Una retrospettiva dedicata al cinema di Karel Zeman alla Casa del Cinema, occasionata dal completamento del restauro de La diabolica invenzione (1958), che vedremo al Giorgione in tutto il suo ritrovato splendore. Il fantastico e l’avventuroso. Quello che dovrebbe essere chiaro a questo punto è che questo regista lavorava con la fantasia, con l’animazione e che era bravo nel suo genere. Oltre che essere di nazionalità ceca. Eppure, di Karel Zeman hanno sentito parlare in pochi. Perché? Perché è un regista che ha lavorato in una zona del mondo che non sempre appartiene a quella produzione cinematografica chiamata “occidentale”: nella Storia mondiale del cinema d’animazione di S. Cavalier è definito “sorta di versione est-europea psichedelica di Ray Harryhausen”. Soprattutto, perché, con le parole di C. Silver, curatore della sezione film del MoMa, “Karel Zeman è difficile da categorizzare”. La diabolica invenzione, Il Barone di Münchhausen (1962), Viaggio nella preistoria (1955) e I ragazzi del capitano Nemo (1967), i quattro titoli della retrospettiva, sono tutti realizzati combinando il passo uno, l’animazione di pupazzi, cartoni animati e litografi e e la direzione di attori in carne e ossa. Difficile da ordinare secondo le categorie stabilite.

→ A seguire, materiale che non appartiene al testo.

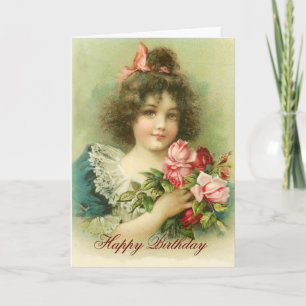 Little Girl with Rosa ros ,Birthday Kort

Ray Harryhausen è il passo uno, possiamo affermarlo con una certa sicurezza, ma Karel Zeman cos’è? Rondolino nella sua Storia del cinema d’animazione paragona La diabolica invenzione all’opera di Méliès: il senso del meraviglioso, il piacere per i racconti fantastici e il gusto per lo scenografico del regista francese trovano nuova voce nel film ceco. Zeman ci ricorda così che la grandezza del cinema d’animazione è la creatività, in senso stretto la capacità di creare.

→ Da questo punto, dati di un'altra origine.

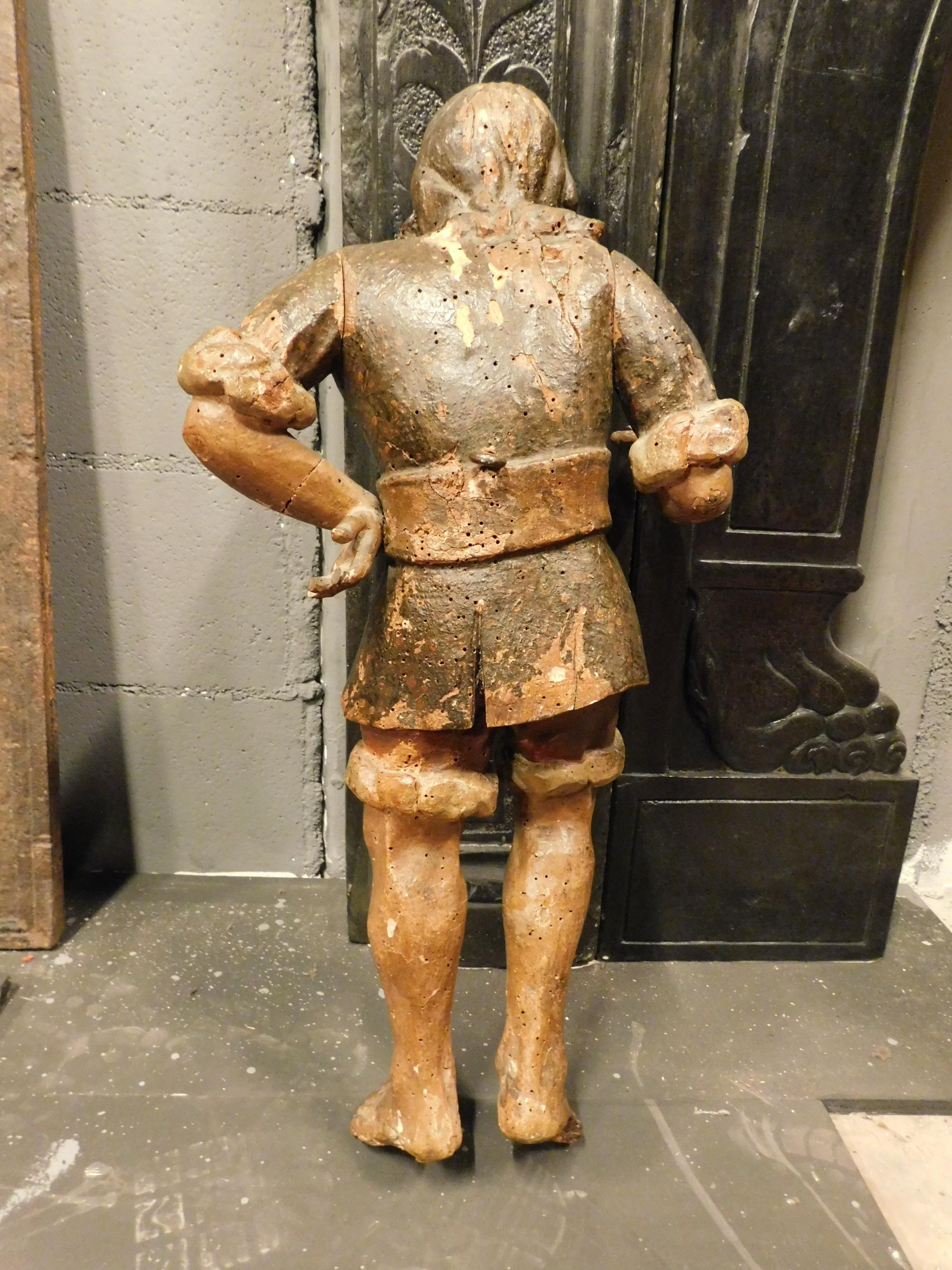 Antique 16th Century Wooden Statue, Historical Figure from Spain 1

Possiamo individuare tre elementi principali del cinema di Karel Zeman presentato in questo omaggio. La grande ispirazione al “mondo Verne”, non solo i testi dello scrittore francese, ma anche le illustrazioni di un Ottocento che si immaginava il futuro pieno di uomini seduti in poltrona a fumare il sigaro mentre un pallone aerostatico li porta in giro (e atterrare aprendo l’ombrello, immancabilmente nero, quando prende fuoco) o di sottomarini per due dotati di zampe palmate che sguazzano nell’acqua. Un mondo in movimento e alla ricerca del giusto uso di questo potere che è la tecnologia. Il secondo è la capacità di usare tecniche diverse, insieme e in modo sorprendente per trasportarci in una fantasia che ha il sapore di un teatrino giocattolo e della preistoria raffigurata nei libri della nostra infanzia, quando non c’erano limiti al possibile. Attori che si muovono in scenografi e bidimensionali direttamente dai libri di illustrazione capaci di rafforzare la tridimensionalità dello spazio e creature del mondo della paleontologia che prendono vita in uno spazio che a sua volta è creato usando realtà e fondali. E il terzo è l’attenzione al mondo dei ragazzi, l’importanza di trasmettere loro “qualcosa” con film che li vedono protagonisti, saggi e altruisti davanti a un mondo adulto incapace di stupirsi e di gentilezza.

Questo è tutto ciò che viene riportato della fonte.